Testing, validation and adaptation for reliable deep learning systems

The increasing adoption of Deep Learning (DL) models in safety-critical systems, such as autonomous driving, has exposed a fundamental challenge: their frequent failure to generalize to new and unforeseen operational domains. This generalization gap, which arises from the models’ inability to handle out-of-distribution data, represents a critical barrier to ensuring their reliability and safety. Existing approaches to testing and adaptation often address this problem in isolation, resulting in fragmented solutions for test generation, validation, and runtime adaptation. This thesis advances the software engineering of DL systems by contributing a suite of distinct techniques that address key limitations across the generalization testing lifecycle. First, it introduces novel methods for the automated generation of diverse and realistic test scenarios, leveraging multi-modal generative AI to augment both static datasets and dynamic, physics-based simulators without the need for extensive per-domain training. Second, it presents a robust framework for the multi-modal validation of these generated test cases, assessing their semantic, structural, and geometric integrity, and introduces a novel mechanism to automatically repair flawed test inputs. Finally, it delivers a self-healing framework that enables DL models to autonomously detect and adapt to new operational domains at runtime, using an unsupervised approach to mitigate catastrophic forgetting without requiring new labeled data. The effectiveness of these contributions is demonstrated through extensive evaluations across multiple domains, including autonomous driving, medical imaging, and industrial automation. The results show that the proposed techniques not only uncover critical model weaknesses but also significantly improve the reliability of DL systems, providing a more comprehensive approach to ensuring their dependability in the real world.

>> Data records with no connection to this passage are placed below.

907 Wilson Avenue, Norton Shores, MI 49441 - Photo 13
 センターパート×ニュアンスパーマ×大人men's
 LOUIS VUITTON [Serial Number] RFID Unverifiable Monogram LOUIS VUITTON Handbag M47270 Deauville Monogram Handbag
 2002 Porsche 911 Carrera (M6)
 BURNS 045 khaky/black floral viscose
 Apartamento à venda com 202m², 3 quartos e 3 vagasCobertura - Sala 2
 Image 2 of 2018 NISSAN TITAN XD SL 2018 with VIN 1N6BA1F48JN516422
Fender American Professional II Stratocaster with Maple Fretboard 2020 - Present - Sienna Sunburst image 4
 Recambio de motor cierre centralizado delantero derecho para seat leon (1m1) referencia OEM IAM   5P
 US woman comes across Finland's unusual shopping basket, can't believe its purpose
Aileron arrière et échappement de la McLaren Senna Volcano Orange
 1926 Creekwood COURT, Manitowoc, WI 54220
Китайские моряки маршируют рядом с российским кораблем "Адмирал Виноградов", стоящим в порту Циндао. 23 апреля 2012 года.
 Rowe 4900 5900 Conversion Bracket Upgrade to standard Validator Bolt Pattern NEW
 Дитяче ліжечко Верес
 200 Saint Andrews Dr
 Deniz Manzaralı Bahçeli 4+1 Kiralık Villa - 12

La crescente adozione di modelli di Deep Learning (DL) in sistemi critici per la sicurezza, come la guida autonoma, ha messo in luce una sfida fondamentale: la loro frequente incapacità di generalizzare a domini operativi nuovi e imprevisti. Questo deficit di generalizzazione, derivante dall’incapacità dei modelli di gestire dati fuori distribuzione, rappresenta una barriera critica per garantirne l’affidabilità e la sicurezza. Gli approcci esistenti per il testing e l’adattamento spesso affrontano questo problema in modo isolato, portando a soluzioni frammentate per la generazione di test, la validazione e l’adattamento a runtime. Questa tesi contribuisce all’avanzamento dell’ingegneria del software per i sistemi di DL, proponendo una serie di tecniche distinte che affrontano le principali limitazioni lungo l’intero ciclo di vita del testing di generalizzazione. In primo luogo, introduce metodi innovativi per la generazione automatizzata di scenari di test diversificati e realistici, sfruttando l’IA generativa multimodale per arricchire sia dataset statici sia simulatori dinamici basati sulla fisica, senza la necessità di un addestramento specifico per ogni dominio. In secondo luogo, presenta un framework robusto per la validazione multimodale dei casi di test generati, valutandone l’integrità semantica, strutturale e geometrica, e introduce un meccanismo innovativo per riparare automaticamente gli input di test difettosi. Infine, fornisce un framework di auto-riparazione che permette ai modelli di AP di rilevare e adattarsi autonomamente a nuovi domini operativi a runtime, utilizzando un approccio non supervisionato per mitigare la dimenticanza catastrofica senza richiedere nuovi dati etichettati. L’efficacia di questi contributi è dimostrata attraverso una valutazione approfondita in diversi domini, tra cui la guida autonoma, l’imaging medicale e l’automazione industriale. I risultati mostrano che le tecniche proposte non solo rivelano criticità nei modelli, ma migliorano anche in modo significativo l’affidabilità dei sistemi di DL, fornendo un approccio più completo per garantirne la sicurezza operativa nel mondo reale.